If PBC could have crafted the perfect postfight interview for its first televised bout, having Broner basically admit he fought a boring fight wouldn't have made the script. And having him then reference a race comment he made in the ring last year, which drew harsh criticism, definitely would not have made it in the script.

It's hard to distinguish what Broner is trying to be at this point. It's obvious he's been told to tone down his personality but not to shut it off completely. So, we're left with sort of a half-Broner, who will still rotate around his opponent midfight and make inappropriate gestures to the crowd, but only halfheartedly so.

In this particular event, with a first impression on the line, Broner didn't give people much reason to stay and -- even worse -- gave some reason to leave.

2. Headlining this kind of project with Keith Thurman versus Robert Guerrero -- that was a good idea.

It could not have worked out much better. You had Thurman, 26, a young buck who knew what this opportunity meant for his career and went out guns blazing, trying to make a statement. Across the ring you had Guerrero, 31, a veteran with a name who could take Thurman's best and fire back but never really threaten to upset the evening by winning.

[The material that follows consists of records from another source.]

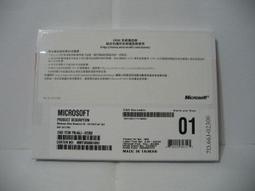 含發票微軟Office Home and Business 2019 家用及中小企業版(WIN/MAC共用)多國語言下載 歷史價格詳細信息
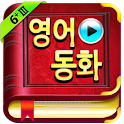 영어동화-STORY TREE[6+ III] logo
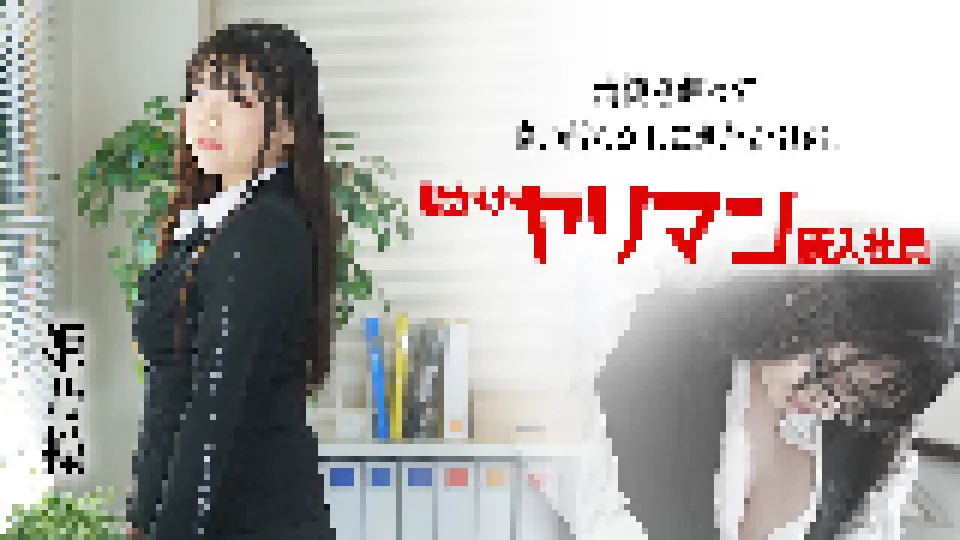 清純を装って喰い散らかしにきただけの腰かけヤリマン新入社員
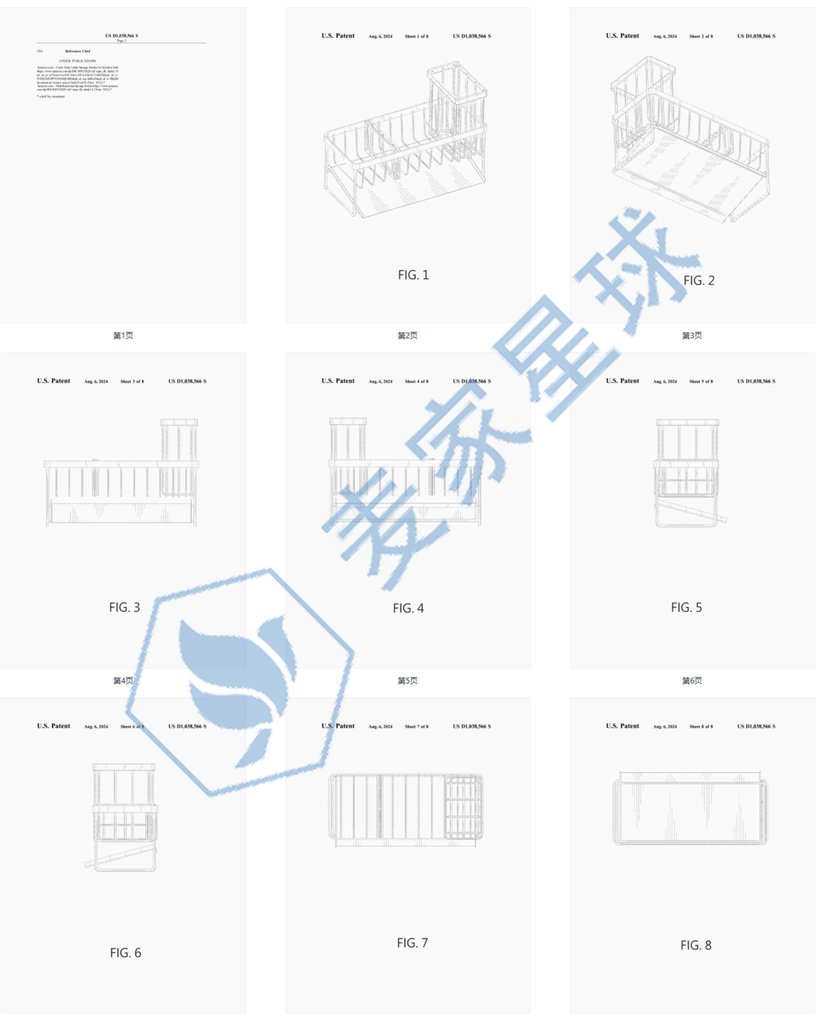US-D1038566-S_I_02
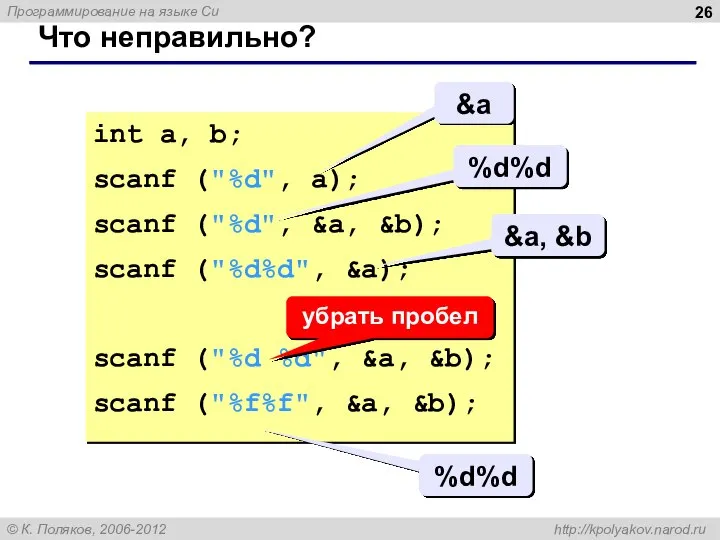 Что неправильно? int a, b; scanf ("%d", a); scanf ("%d", &a, &b);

This was matchmaking at it's finest.

Let's pause for a moment to reflect and laugh out loud at the unfortunate fact that Guerrero's dud of a fight against Floyd Mayweather Jr. in May 2013 cost a full pay-per-view price, while Saturday's barnburner cost nothing but air and about 48 minutes of your time. Brilliant.

3. Boxing is not dead.

Mayweather is 38 years old and has publicly contemplated retirement after the last two fights on his current contract are finished. Manny Pacquiao is 36. The two will engage in the biggest fight in boxing history on May 2. Soon after that, however, whenever both retire, someone will need to be there to accept the reins of boxing stardom.

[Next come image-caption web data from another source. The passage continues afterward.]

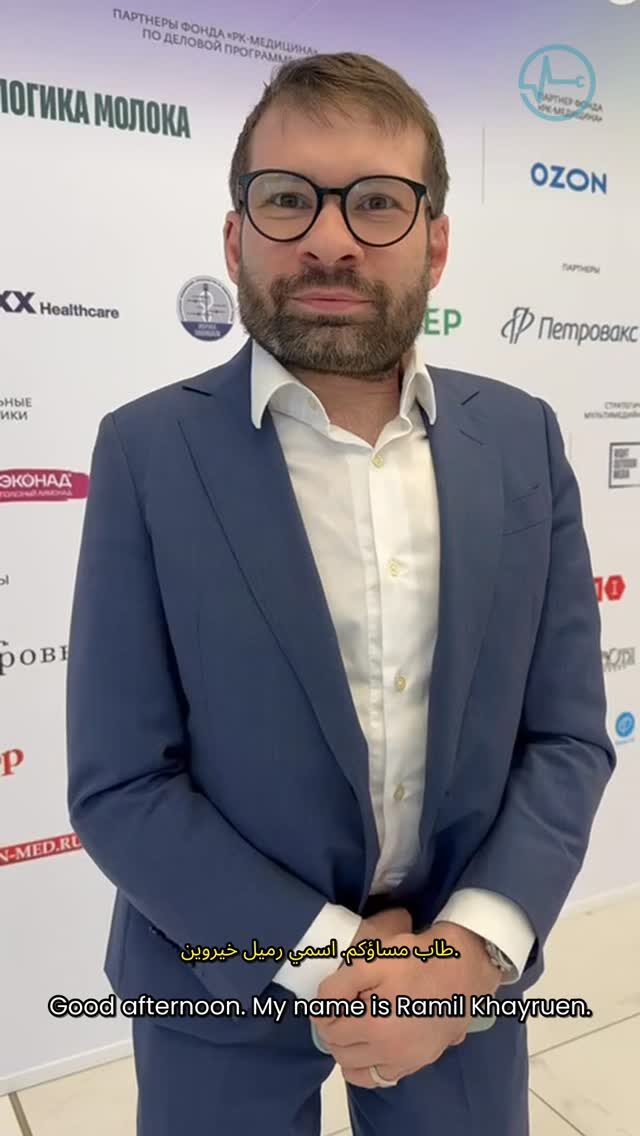 Instagram post from alfaaestheticmaintenance. This post is in position 2.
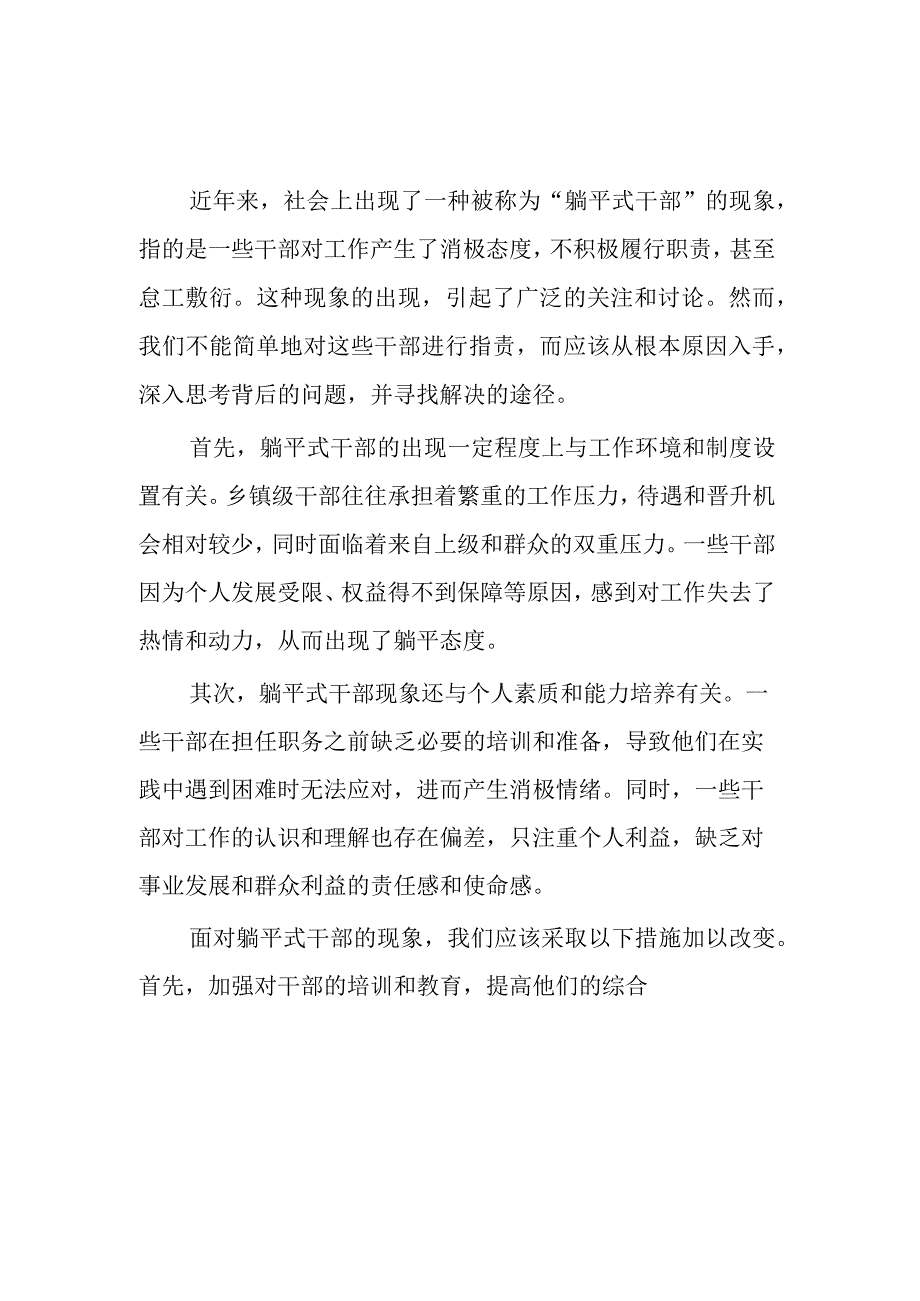 “躺平式”干部专项整治专题研讨发言材料汇篇范文.docx_第1页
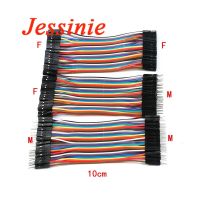 120pcs/lot 40P 10cm Jumper Wire Dupont Cable breadboard Line Male to Male Female to Male and Female to Female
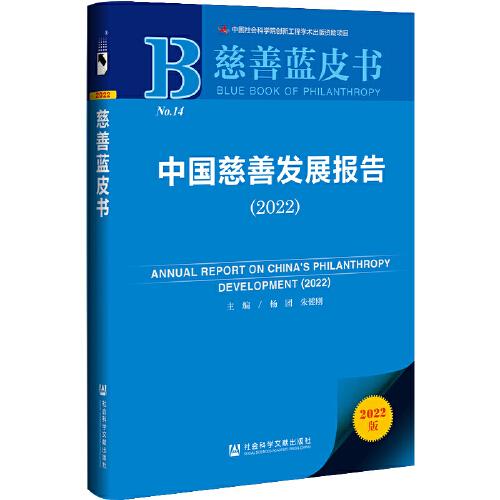 慈善藍皮書：中國慈善發(fā)展報告（2022）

This is what's exciting about PBC -- it is designed to ensure that someone exists. Make no mistake, there is young, exciting, well-spoken talent in boxing. One needs to look no further than the 26-year-old Thurman, who was terrific this weekend, to see it.

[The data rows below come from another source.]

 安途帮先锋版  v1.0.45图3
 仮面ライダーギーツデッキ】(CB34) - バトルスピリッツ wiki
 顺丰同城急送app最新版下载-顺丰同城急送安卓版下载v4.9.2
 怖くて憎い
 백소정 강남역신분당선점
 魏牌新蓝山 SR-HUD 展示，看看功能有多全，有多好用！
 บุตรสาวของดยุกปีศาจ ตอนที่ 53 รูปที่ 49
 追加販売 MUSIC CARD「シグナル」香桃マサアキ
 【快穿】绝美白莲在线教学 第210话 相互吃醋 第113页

Thurman was so hell-bent on scoring an early knockout on Saturday, he literally ran into a head-butt during the third round that caused a massive hematoma on his forehead.

There are others along with Thurman, waiting in the wings to take the throne. In recent years, boxing's consumption model arguably worked against it. It's early, but PBC's model could change that.

4. Boxing is not dead, revisited.

There are compelling figures in the sport and, certainly, compelling fights. Thurman-Guerrero was a strong but not spectacular fight for 8½ rounds. At one point, there even appeared to be a horrific possibility of it ending in a no contest, due to the hematoma on Thurman's face. Can you imagine that?

And then, midway through the ninth, Thurman dropped Guerrero with two right uppercuts. That set the stage for Guerrero to rally back with a strong showing in the 10th, his best round of the fight.

Substance was there, and Haymon & Co. know how to dress it up. This was a polished product in the arena on Saturday, and it will only improve as a television product with more practice. It would seem to carry appeal to a younger audience, which means a longer guaranteed lifespan. For an old sport, boxing had tints of infancy in certain aspects this weekend.

5. It's not all bad news for Broner.

We were hard on Broner at the start, so let's circle back and give him due credit at the finish.

Broner, entertaining or not, made his decision win look like easy work. As he stated at the postfight news conference -- wearing a shirt that looked like it was made from his grandmother's favorite tablecloth -- he was 'still pretty' at the end of 12 rounds against Molina.

And, away from the cameras that were transmitting his comments to a live audience, he explained his approach to the fight perfectly well.

"Last two days I thought, 'The last time I went into the ring and fought with my heart, I lost,'" said Broner, referring to the only loss of his career, to Marcos Maidana in 2013. "I am never going to let that happen again. So, I said I'm going to use my God-given talent and make this fight as easy as possible.

"The crowd might boo me, but at the end of the day, I'm going not going out there and fighting for them. That don't pay my bills."

As has always been the case with Broner, talent and personality are there. Self-sabotage is. If he can better define himself in and outside of the ring, the world can still be his oyster.